We also evaluated randomness using the NIST statistical tests at the default significance level of 0.01 [1]. Given the relatively short length of the stable bitstrings, only 11 of the 15 tests are applicable<sup>1</sup>. The bar graph shown in Fig. 6 gives the number of passing chips on the z-axis for each of the 10 tests on the x-axis, and for each of 10 different seeds on the y-axis. The number of passing chips is in reference to passing the *null hypothesis*. The null hypothesis is specified as the condition in which the bitstring-under-test is random. Therefore, a good result is obtained when the number of chips that pass the null hypothesis is large.
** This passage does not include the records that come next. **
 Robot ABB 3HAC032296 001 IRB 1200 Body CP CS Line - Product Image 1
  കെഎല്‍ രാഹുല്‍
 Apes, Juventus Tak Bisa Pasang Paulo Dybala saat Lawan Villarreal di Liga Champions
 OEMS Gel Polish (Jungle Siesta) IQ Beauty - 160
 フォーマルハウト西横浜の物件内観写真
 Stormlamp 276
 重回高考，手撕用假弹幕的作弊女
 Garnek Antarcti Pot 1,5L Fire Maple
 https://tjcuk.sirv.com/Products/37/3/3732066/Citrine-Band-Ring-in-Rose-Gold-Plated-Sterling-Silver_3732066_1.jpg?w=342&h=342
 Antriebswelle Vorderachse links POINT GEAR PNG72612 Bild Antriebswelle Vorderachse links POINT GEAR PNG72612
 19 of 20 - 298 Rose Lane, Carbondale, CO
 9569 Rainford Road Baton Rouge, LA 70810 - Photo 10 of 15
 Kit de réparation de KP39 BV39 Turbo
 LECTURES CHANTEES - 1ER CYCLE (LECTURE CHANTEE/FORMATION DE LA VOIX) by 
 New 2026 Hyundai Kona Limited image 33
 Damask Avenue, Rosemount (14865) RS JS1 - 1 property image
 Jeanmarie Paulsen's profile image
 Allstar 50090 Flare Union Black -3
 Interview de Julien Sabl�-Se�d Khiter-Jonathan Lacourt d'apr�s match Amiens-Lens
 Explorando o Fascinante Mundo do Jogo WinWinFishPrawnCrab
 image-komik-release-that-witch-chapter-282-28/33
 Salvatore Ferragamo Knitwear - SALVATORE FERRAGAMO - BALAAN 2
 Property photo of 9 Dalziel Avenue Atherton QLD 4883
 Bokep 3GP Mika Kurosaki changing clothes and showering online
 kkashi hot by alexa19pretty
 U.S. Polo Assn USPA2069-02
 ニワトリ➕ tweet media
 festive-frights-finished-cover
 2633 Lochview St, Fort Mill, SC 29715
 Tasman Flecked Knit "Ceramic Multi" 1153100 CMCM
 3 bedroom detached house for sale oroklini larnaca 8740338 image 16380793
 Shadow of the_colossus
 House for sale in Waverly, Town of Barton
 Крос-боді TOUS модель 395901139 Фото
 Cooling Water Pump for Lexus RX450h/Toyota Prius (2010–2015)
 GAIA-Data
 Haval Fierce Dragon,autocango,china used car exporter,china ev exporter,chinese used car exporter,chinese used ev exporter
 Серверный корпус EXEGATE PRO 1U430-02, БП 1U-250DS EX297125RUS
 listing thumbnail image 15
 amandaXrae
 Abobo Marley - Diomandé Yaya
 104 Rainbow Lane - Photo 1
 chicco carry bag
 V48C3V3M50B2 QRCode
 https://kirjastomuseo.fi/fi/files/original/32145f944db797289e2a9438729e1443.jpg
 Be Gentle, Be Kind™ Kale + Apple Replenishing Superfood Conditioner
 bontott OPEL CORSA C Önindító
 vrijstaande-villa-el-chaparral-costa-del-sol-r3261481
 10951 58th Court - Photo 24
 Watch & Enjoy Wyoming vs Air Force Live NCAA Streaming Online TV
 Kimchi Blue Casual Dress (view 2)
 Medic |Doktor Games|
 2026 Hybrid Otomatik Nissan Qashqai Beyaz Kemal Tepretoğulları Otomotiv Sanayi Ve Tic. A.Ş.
Fig. 6. Number of passing chips from NIST tests using 11 of the 15 applicable tests.

With 63 chips, NIST requires that at least 60 chips produce a *p* value that is larger than the significance level ( $\alpha$  = 0.01), otherwise the whole test is considered 'failed'. Overall, of the 11\*10 = 110 bars, 41 are full height indicating that all 63 chips passed the test, 39 bars have height 62, 27 have height 61 and 2 have height 60. Therefore, 109 bars of the 110 are equal to or larger than the required value to pass the test, and only 1 bar is below the threshold at 58. The bars for the Non-Overlapping Template tests represent the average pass rate across all 148 individual tests. Of the 10\*148 =1,480 individual tests, 61 failed, 59 tests by no more than 2 chips, 1 by 3 chips (57 chips passed) and 1 by 4 chips (56 chips passed). Moreover, all but 8 of Pvalue-of-the-Pvalues tests passed, indicating the P-values are uniformly distributed between 0.0 and 1.0. The fails in this category occurred in the Rank and Non-Overlapping Template tests, both which NIST recommends testing with much larger bitstrings than those used here. Overall, these are very good results and indicate the bitstrings are cryptographic quality.

# 4.3 Bit-Flip Probability Analysis and Triple-Module-Redundancy (TMR)

The large size of the bitstrings produced by the PUF can be used to further enhance their reliability over that provided by thresholding alone. This can be accomplished by creating 3 copies of a fixed-length bitstring from the sequence of strong bits produced by the PUF. The 3 copies can then be compared as a means of avoiding bit flips, in the spirit of a popular scheme used in fault tolerance called triple-moduleredundancy or TMR. TMR is based on a 'majority voting' scheme in which the final bit for a given bit position is obtained by taking the majority across all 3 copies of the bitstrings.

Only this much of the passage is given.